Emerging economies in Asia face a dilemma. They need more electricity to power economic growth, but they also want to cut emissions from coal they have relied on for decades. Switching from coal to natural gas can reduce a power plant’s carbon footprint by as much as 60%, according to a recent report published by GE. Meanwhile, urban density and geography prevent them from choosing options like large-scale wind or solar farms.
Take fast-growing Malaysia, which is targeting a 45% reduction in CO2 emissions by 2030. The country of 33 million consists of several large, hilly islands and a peninsula where open land suitable for building large wind or solar farms is scarce.
That conundrum has led Southern Power Generation, a large Malaysian utility, to turn to GE Gas Power and its advanced turbines capable of efficiently turning natural gas and other fuels, including liquid fuel distillate as a backup into large amounts of lower-carbon electricity. In fact, this month SPG will become the first power producer in the world to use a pair of 9HA.02 turbines to generate electricity.

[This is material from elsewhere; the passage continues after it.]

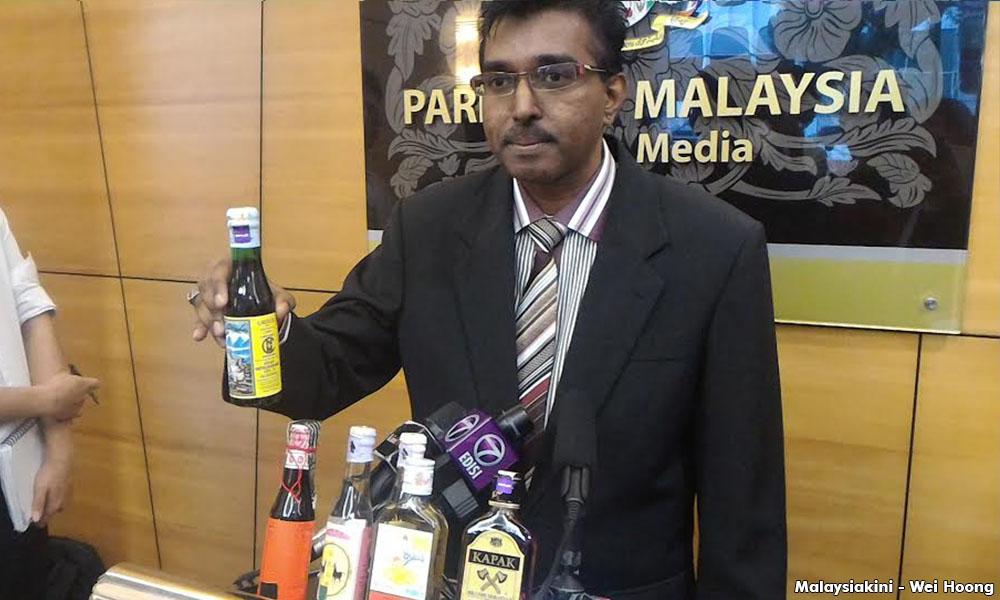 MP brings liquor to Parliament to highlight gov't inaction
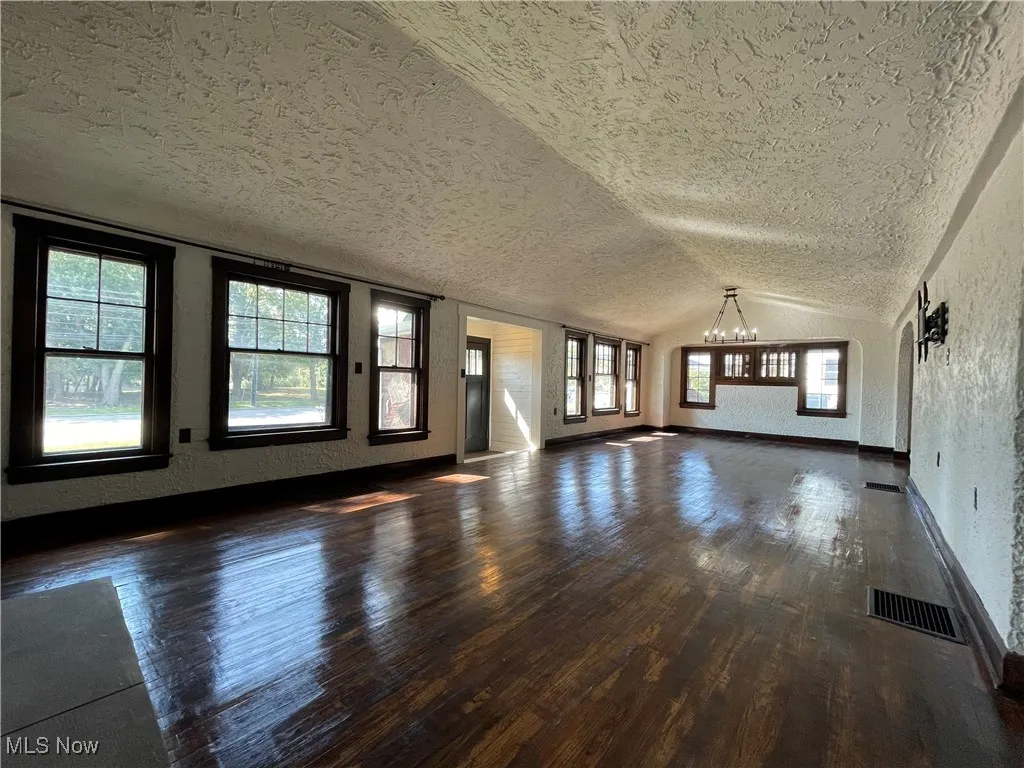 Unfurnished living room featuring a textured wall, lofted ceiling, dark wood-style flooring, a textured ceiling, and a chandelier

The turbines come from a new generation of GE machines that had already set a world power plant efficiency record. They are also equipped with a combustion system that allows them to burn up to 50% by volume of hydrogen when blended with natural gas, allowing SPG to have the option to utilize hydrogen or other lower or no-carbon fuels at some point in the future.
SPG will install the new 1,440-megawatt plant in Pasir Gudang, an industrial city at the southern tip of Malaysia’s peninsula, just a few miles from Singapore. It will produce the equivalent power needed by 3 million Malaysian homes. The design is a so-called combined-cycle power plant where a gas turbine not only produces power but also supplies heat to a steam turbine that supplies more electricity “The availability of viable lower carbon technology has become a critical focus,” says SPG Chairman Dato’ Haji Nor Azman bin Mufti. “We have a longstanding relationship with GE and we trust its HA technology will help us meet the increasing power demand and contribute to long-term energy security needs in Malaysia.”
The plant’s compact configuration provides additional benefits. It allows utilities to build these power stations in places where a smaller footprint is required, like Pasir Gudang. The turbines arrive in modular containers that enable engineers to install them relatively quickly. (GE and SPG signed the contract to install the turbines in 2018.) The units are also set up for rapid inspection and maintenance.
“This gas technology will remain on the top edge of the industry for several years,” says Christophe Dufaut, leader of project execution support at GE Power. “It’s a plant that allows SPG to generate a significant amount of power in a reduced footprint, but which is also affordable in terms of capex, operations and maintenance.”